Deconstructing ResNets: Part 2 - PyTorch Implementation

Introduction

Part 1 covered why residual learning works -- learning deviations from identity gives gradients a clear path through deep networks. Now we translate that math into PyTorch, building from a single residual block up to the full ResNet-18/34/50/101/152 family and a smaller variant for CIFAR-10.

View Full Code on GitHub

The Residual Block

The ResidualBlock implements $y = F(x) + x$: two convolutions with a skip connection that bypasses both. One detail matters here -- ReLU comes after the addition, not before. If you put ReLU before the addition, the skip connection no longer passes a clean signal.

class ResidualBlock(nn.Module):
    expansion = 1  # Output channels = in_channels * expansion

    def __init__(self, in_channels, out_channels, stride=1, downsample=None):
        super().__init__()
        self.conv1 = nn.Conv2d(in_channels, out_channels, kernel_size=3,
                               stride=stride, padding=1, bias=False)
        self.bn1 = nn.BatchNorm2d(out_channels)
        self.conv2 = nn.Conv2d(out_channels, out_channels, kernel_size=3,
                               stride=1, padding=1, bias=False)
        self.bn2 = nn.BatchNorm2d(out_channels)
        self.downsample = downsample

    def forward(self, x):
        identity = x

        out = F.relu(self.bn1(self.conv1(x)))   # 3x3 conv -> BN -> ReLU
        out = self.bn2(self.conv2(out))          # 3x3 conv -> BN (no ReLU yet)

        if self.downsample is not None:
            identity = self.downsample(x)

        out += identity           # Skip connection!
        out = F.relu(out)         # Final ReLU after addition
        return out

Handling Dimension Changes

When spatial dimensions or channel counts change between layers, the identity shortcut needs a $1 \times 1$ convolution to match:

# Create downsampling for skip connection if needed
if stride != 1 or self.in_channels != out_channels * block.expansion:
    downsample = nn.Sequential(
        nn.Conv2d(self.in_channels, out_channels * block.expansion,
                 kernel_size=1, stride=stride, bias=False),
        nn.BatchNorm2d(out_channels * block.expansion),
    )

Bottleneck Blocks

For ResNet-50 and deeper, running $3 \times 3$ convolutions at high channel counts gets expensive.
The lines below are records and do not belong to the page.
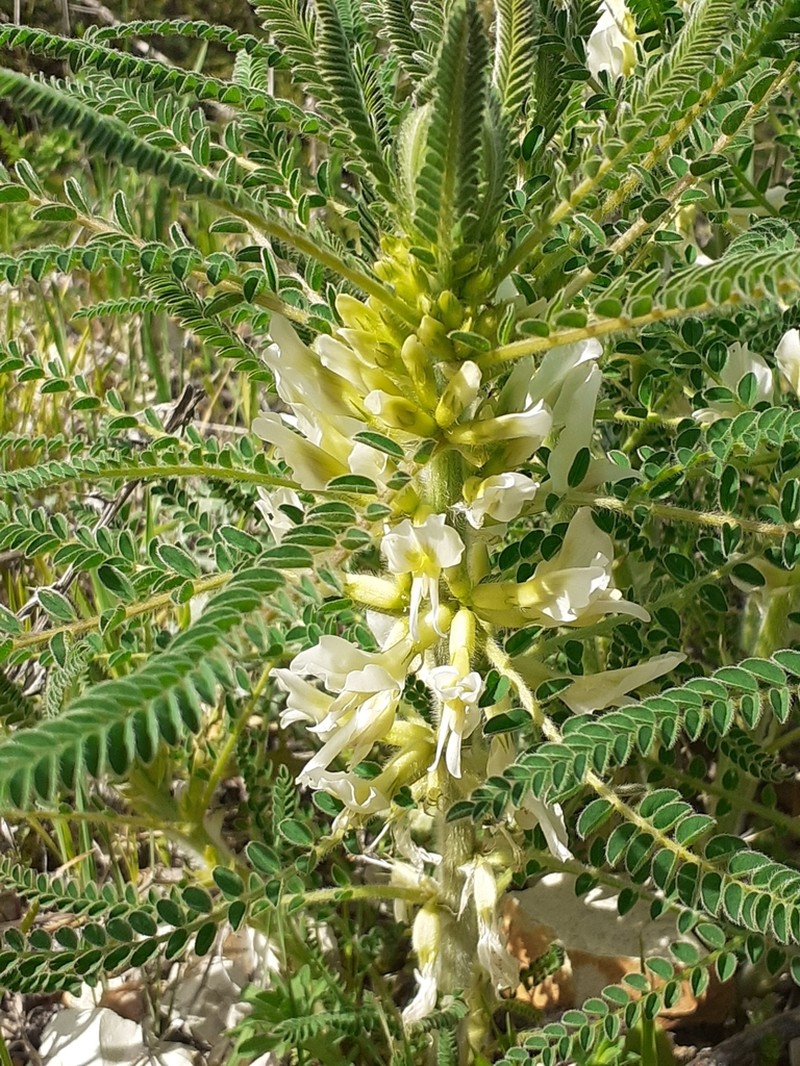 Astragalus aleppicus photo 3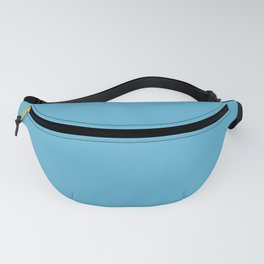 Unrestrained Mid Tone Blue Solid Color Pairs Sherwin Williams Flyway SW 6794 Fanny Pack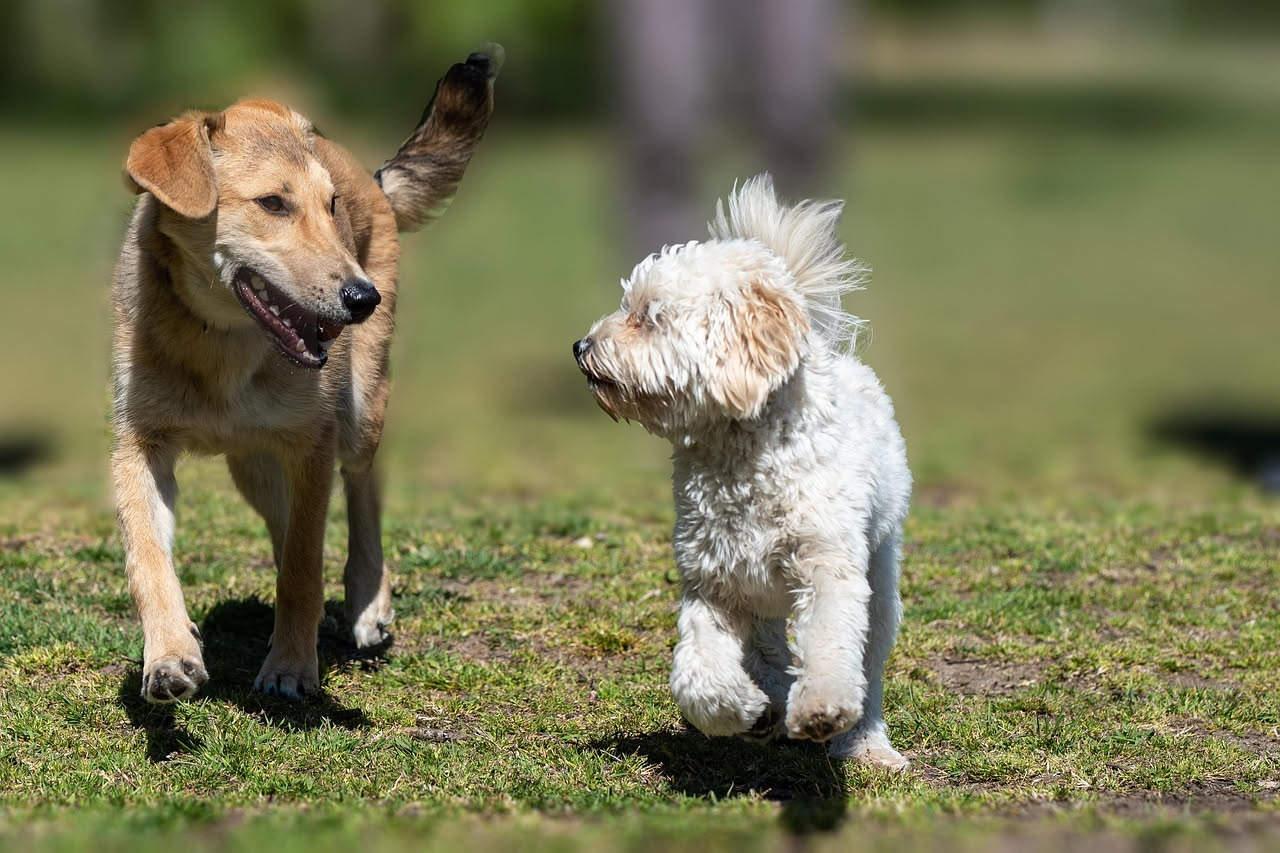 Primo parco con il cane: come gestire l'incontro con altri cani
Bottleneck blocks use a $1 \times 1 \rightarrow 3 \times 3 \rightarrow 1 \times 1$ pattern to keep computation manageable:

$1 \times 1$ conv: Reduce channels (e.g., 256 → 64)
$3 \times 3$ conv: Do the actual spatial processing at reduced width
$1 \times 1$ conv: Expand back (64 → 256)

The expansion factor is 4, so output channels are always 4x the bottleneck width.

class BottleneckBlock(nn.Module):
    expansion = 4  # Output = in_channels * 4

    def __init__(self, in_channels, out_channels, stride=1, downsample=None):
        super().__init__()
        self.conv1 = nn.Conv2d(in_channels, out_channels, kernel_size=1,
                               stride=1, bias=False)           # Squeeze
        self.conv2 = nn.Conv2d(out_channels, out_channels, kernel_size=3,
                               stride=stride, padding=1, bias=False)  # Process
        self.conv3 = nn.Conv2d(out_channels, out_channels * self.expansion,
                               kernel_size=1, stride=1, bias=False)   # Expand

    def forward(self, x):
        identity = x
        out = F.relu(self.bn1(self.conv1(x)))    # 1x1 squeeze
        out = F.relu(self.bn2(self.conv2(out)))   # 3x3 process
        out = self.bn3(self.conv3(out))           # 1x1 expand (no ReLU)
        if self.downsample is not None:
            identity = self.downsample(x)
        out += identity
        return F.relu(out)

The ResNet Family

Same macro-architecture, different block types and depths:

ResNet-18/34 (Basic Blocks)

ResNet-18: [2, 2, 2, 2] basic blocks    # 11.7M params
ResNet-34: [3, 4, 6, 3] basic blocks    # 21.8M params

ResNet-50/101/152 (Bottleneck Blocks)

ResNet-50:  [3, 4, 6, 3]  bottleneck    # 25.6M params
ResNet-101: [3, 4, 23, 3] bottleneck    # 44.5M params
ResNet-152: [3, 8, 36, 3] bottleneck    # 60.2M params

SmallResNet for CIFAR-10

The standard ResNet stem -- a $7 \times 7$ conv followed by max pooling -- is designed for $224 \times 224$ ImageNet images. On $32 \times 32$ CIFAR-10 inputs, that would destroy spatial information immediately. Our SmallResNet makes four changes:

$3 \times 3$ conv stem with stride 1 (instead of $7 \times 7$ stride 2)
No initial max pooling
3 residual stages instead of 4
16 initial channels instead of 64

This gives a 175,258-parameter model -- small enough to train on CPU in a few minutes.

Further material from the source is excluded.